(Problem description):
Please write out exactly the lines of the data below from the line holding "高仿Chrome Hearts克羅心飾品 桃心/愛心童軍花六芒星吊墜/項鍊" through the line holding "Virgílio e Dante descem ao Inferno", and leave out the rest.
##########
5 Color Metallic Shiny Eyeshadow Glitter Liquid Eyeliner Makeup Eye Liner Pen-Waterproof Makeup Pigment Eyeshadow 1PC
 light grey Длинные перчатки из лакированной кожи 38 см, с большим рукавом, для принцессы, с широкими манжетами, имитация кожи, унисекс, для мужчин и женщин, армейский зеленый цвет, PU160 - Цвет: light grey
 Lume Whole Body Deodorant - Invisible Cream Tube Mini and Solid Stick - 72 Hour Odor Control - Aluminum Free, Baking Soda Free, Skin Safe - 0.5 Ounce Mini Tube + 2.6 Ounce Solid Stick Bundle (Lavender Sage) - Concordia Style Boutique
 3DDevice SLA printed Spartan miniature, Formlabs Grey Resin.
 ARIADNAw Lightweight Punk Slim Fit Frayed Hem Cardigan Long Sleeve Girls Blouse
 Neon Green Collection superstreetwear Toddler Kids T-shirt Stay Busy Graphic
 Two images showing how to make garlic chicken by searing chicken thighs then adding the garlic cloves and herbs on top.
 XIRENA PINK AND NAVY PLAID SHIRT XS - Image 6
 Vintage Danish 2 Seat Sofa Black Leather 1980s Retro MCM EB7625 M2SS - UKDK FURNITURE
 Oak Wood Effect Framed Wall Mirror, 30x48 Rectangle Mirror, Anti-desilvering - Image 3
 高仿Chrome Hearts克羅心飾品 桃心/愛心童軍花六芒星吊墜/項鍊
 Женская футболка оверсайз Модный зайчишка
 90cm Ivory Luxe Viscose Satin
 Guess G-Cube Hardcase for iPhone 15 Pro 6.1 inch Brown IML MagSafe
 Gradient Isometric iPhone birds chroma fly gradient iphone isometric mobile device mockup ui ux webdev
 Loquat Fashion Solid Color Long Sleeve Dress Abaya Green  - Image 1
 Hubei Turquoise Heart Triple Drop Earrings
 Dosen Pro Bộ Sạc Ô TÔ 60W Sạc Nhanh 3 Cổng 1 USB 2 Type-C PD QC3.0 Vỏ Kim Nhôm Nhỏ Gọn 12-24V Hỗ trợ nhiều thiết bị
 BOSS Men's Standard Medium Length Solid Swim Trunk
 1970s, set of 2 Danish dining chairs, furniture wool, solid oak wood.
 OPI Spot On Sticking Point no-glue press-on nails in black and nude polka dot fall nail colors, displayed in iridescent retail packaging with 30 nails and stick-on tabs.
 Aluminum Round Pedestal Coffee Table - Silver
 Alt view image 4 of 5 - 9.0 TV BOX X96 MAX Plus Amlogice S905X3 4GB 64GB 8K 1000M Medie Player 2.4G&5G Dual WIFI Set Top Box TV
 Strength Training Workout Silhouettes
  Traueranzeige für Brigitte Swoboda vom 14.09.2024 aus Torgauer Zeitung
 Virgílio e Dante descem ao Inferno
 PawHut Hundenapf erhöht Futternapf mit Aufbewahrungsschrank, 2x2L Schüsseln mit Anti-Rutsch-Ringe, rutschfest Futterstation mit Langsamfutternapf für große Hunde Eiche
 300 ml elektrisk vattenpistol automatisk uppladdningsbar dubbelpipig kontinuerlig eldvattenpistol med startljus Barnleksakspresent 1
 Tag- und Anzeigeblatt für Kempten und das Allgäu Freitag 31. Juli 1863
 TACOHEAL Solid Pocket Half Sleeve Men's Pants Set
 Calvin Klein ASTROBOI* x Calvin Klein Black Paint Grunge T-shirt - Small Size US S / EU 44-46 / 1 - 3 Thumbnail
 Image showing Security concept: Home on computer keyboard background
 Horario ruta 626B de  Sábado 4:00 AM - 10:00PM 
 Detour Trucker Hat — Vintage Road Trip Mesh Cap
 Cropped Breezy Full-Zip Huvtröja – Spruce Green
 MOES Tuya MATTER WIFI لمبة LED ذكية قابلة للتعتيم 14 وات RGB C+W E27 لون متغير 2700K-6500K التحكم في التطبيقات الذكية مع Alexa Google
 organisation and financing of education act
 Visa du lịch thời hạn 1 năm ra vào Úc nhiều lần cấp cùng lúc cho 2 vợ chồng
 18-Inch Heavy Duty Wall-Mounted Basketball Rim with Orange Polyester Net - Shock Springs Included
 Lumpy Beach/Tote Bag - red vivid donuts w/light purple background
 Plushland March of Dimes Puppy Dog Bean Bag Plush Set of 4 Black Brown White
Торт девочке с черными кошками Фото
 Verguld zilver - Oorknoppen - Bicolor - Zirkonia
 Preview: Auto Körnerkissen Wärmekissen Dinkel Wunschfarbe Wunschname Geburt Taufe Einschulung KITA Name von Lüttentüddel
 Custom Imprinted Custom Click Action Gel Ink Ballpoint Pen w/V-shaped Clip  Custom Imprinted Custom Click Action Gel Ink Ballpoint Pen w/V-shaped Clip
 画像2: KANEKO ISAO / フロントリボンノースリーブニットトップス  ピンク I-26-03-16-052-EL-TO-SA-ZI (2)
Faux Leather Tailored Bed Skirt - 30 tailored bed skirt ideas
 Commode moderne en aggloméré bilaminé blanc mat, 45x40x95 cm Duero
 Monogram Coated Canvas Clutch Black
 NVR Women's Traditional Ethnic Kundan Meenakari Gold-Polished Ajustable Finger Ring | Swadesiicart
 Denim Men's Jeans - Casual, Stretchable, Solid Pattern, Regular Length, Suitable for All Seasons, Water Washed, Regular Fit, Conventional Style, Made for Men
##########
(Task result):
 高仿Chrome Hearts克羅心飾品 桃心/愛心童軍花六芒星吊墜/項鍊
 Женская футболка оверсайз Модный зайчишка
 90cm Ivory Luxe Viscose Satin
 Guess G-Cube Hardcase for iPhone 15 Pro 6.1 inch Brown IML MagSafe
 Gradient Isometric iPhone birds chroma fly gradient iphone isometric mobile device mockup ui ux webdev
 Loquat Fashion Solid Color Long Sleeve Dress Abaya Green  - Image 1
 Hubei Turquoise Heart Triple Drop Earrings
 Dosen Pro Bộ Sạc Ô TÔ 60W Sạc Nhanh 3 Cổng 1 USB 2 Type-C PD QC3.0 Vỏ Kim Nhôm Nhỏ Gọn 12-24V Hỗ trợ nhiều thiết bị
 BOSS Men's Standard Medium Length Solid Swim Trunk
 1970s, set of 2 Danish dining chairs, furniture wool, solid oak wood.
 OPI Spot On Sticking Point no-glue press-on nails in black and nude polka dot fall nail colors, displayed in iridescent retail packaging with 30 nails and stick-on tabs.
 Aluminum Round Pedestal Coffee Table - Silver
 Alt view image 4 of 5 - 9.0 TV BOX X96 MAX Plus Amlogice S905X3 4GB 64GB 8K 1000M Medie Player 2.4G&5G Dual WIFI Set Top Box TV
 Strength Training Workout Silhouettes
  Traueranzeige für Brigitte Swoboda vom 14.09.2024 aus Torgauer Zeitung
 Virgílio e Dante descem ao Inferno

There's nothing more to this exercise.